The biggest mistake I have seen comes from a lot of companies and brands I worked with. They don’t want to promote their competition – which is understandable – so they only post their own content. This is OK but they are missing out on placing themselves as an expert (for a SaaS / personal brand) or as a go-to place (for a consumer brand / publication). Companies should be posting all good content that is relevant and resonates with their audience.
Make sure you vet it first though – an advertorial for your competition disguised as a good piece of content is what you want to actually avoid.
What qualities do you think social media managers should have?
I think a good social media manager is like a good commercial DJ. Being one myself when I was younger, I find that the skills needed are literally the same.
- Find and choose what has been most engaging based on analytics and experience. If doing what you personally like is not great, you need to do more of what your audience likes.
- Be able to find a good balance between what the client wants and what the prospect is asking for. Getting a good average between the two is good – don’t just go one way or the other.
- Creating your own content is fine, but you need to make sure it’s up to scratch. Displaying a piece of your work just because you did it and want to grow your ego is not the best idea.
How do business owners know if their social media campaign is working?
While most companies want to see an increase sales, it’s not always the case. If the goal of the campaign is mostly branding (exposure), a good indicator is the amount of money spent vs. the amount of people that saw the ad/post. More people for less money than the network’s recommended setting is what makes a successful campaign.
How do you see social media evolving over the next 5 years…what do you hope to see?
There are a lot of things I predict for the future, one of which I’ve decided to create. I’m currently building a platform and/or service that can show marketers what their customers really want to see. It works better than the existing content recommendation services, so I copyrighted the idea. Instead of only looking at post likes, my tool also analyzes the content people share and the pages that they like, thus increasing targeting in a non-biased way. I tested this my ad went viral, reaching 700,000 people whilst only costing £100. I believe that this method can ensure something going viral, rather than just hoping that it will.
What do you think are some of the consequences of not getting on-board with social media?
The biggest problem with not using social media for business is the increase in cost of advertising. There are a lot of methods of running an ad, but social media seems to be extremely targeted and cheap. If you are a big brand that only does TV ads, you can’t target people all too well. With social media ads you can reach people who are interested in seeing it instead. This will give you a better return on investment and bigger reach for the same amount spent.
What are your thoughts on social media versus more traditional marketing activities?
I think that a lot of people are still using traditional media for various reasons.
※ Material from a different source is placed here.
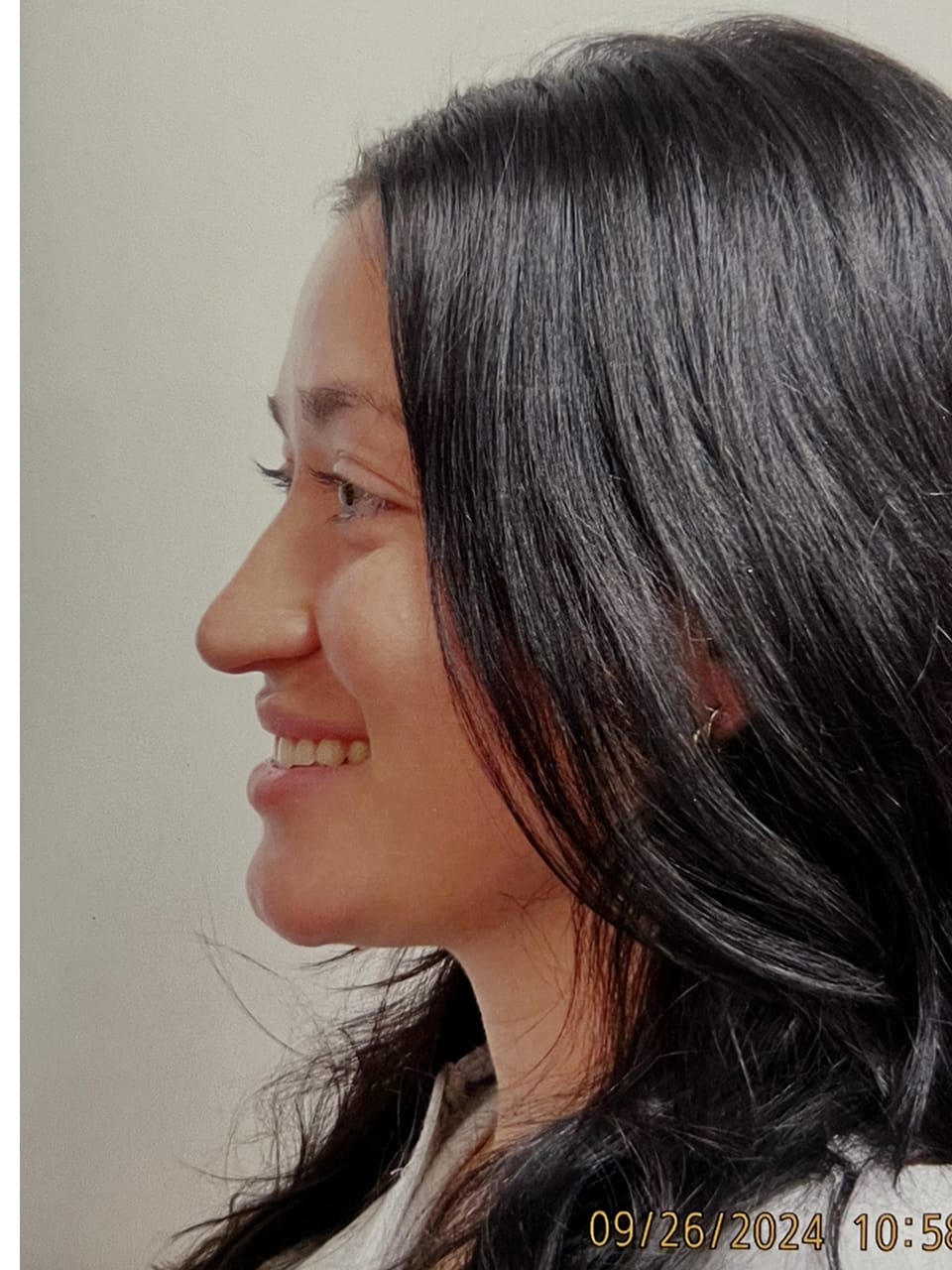 Case Study 249 — before and after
For example, getting exposure as a B2B campaign works a lot better if the company runs ads in a major industry publication rather than Facebook. It gives the potential clients another reassurance that you know what you are talking about.
Which one best practice would you recommend about using social media to grow a business?
In my opinion, there are four types of people on social media:
- The poster (posting just their own content and nothing else).
- The seller (that does anything they think gets them more sales).
- The representative (that gets involved in discussions because it uses social as a customer service tool)
- The bot (the wanna-be-tech-savvy start-up that “growth-hacks” by automating an RSS feed from a keyword to auto-post everything).
I have seen big brands to spammy fake companies falling into the above categories. I think it’s good practice to keep to the middle ground by being a bit of all of these, rather than sticking to one of these extremes.